Y aquí va, la segunda parte de la noche o la primera del día siguiente, a gatas, como se suele llegar a los sitios más importantes, al mundo por ejemplo, y es que a gatas hubiera entrado todos los días solo por verte y mirar debajo de tu falda. Caigo derrotado a un paso y medio de la ventana, quiero hablar de mí. Cuando pronuncies mi nombre me gustaría que se te pusieran los pelos como escarpias, que tengas que encoger los dedos de los pies por debajo de las mesas o te muerdas los dientes. Quiero saber si te tienes que reír de mí cuando tus amigos hablan en pasado y si cuando llegas a casa mis manías te atacan por la espalda, quiero saber si han reclamado todos mis huecos o si alguno resiste a pesar de las quejas de tus nuevos inquilinos. Ojalá que llames al trabajo un día y no vayas porque estás pensando en mí aunque eso te ponga enferma, porque yo pienso más en ti que tú en los zapatos. Podría apuntarme al club de los secretos que una vez al mes tienes que contar, o publicar en una de tus revistas qué tal me va, y mentir.

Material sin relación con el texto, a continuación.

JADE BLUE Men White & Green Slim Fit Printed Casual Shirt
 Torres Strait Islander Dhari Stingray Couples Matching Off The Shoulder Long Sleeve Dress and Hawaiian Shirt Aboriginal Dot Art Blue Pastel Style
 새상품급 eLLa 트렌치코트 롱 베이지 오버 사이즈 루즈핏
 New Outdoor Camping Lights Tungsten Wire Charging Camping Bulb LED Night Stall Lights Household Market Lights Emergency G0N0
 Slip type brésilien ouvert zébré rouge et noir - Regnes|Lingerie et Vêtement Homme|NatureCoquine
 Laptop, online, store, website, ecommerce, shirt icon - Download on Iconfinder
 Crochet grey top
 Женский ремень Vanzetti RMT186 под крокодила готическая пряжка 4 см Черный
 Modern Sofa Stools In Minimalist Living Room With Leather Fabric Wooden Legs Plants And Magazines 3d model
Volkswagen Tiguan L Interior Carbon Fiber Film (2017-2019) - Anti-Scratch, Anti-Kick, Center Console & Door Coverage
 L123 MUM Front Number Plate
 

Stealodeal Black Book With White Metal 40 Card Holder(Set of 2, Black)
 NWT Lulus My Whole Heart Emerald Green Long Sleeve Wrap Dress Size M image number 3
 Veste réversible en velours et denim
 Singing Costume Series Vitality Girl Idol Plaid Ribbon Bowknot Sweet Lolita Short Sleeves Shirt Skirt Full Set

Me mataba la curiosidad. Todas mis aspiraciones se reducían a un pequeño apartado en tu libro guinness de los records, y me importaba un comino si era al más estúpido de la historia o al mejor otoño con diferencia. Me daba igual, solo quería no ser uno más en una lista interminable de intentos fallidos, al menos no en la tuya.
Lo discutí con una pelusa que estaba por allí pidiendo trabajo basura, al parecer ya no cabían más debajo de mi cama y había tenido que emigrar, iba en busca de la estantería me decía, pero tenía algo de tiempo y se quedó un rato para hablar. Ella también te conocía y pensé, qué pequeño es este lugar, hasta entre las pelusas se hablaba de ti, eran tiempos mejores.
Si no te comparten, que tampoco me quiten lo que antes era mío.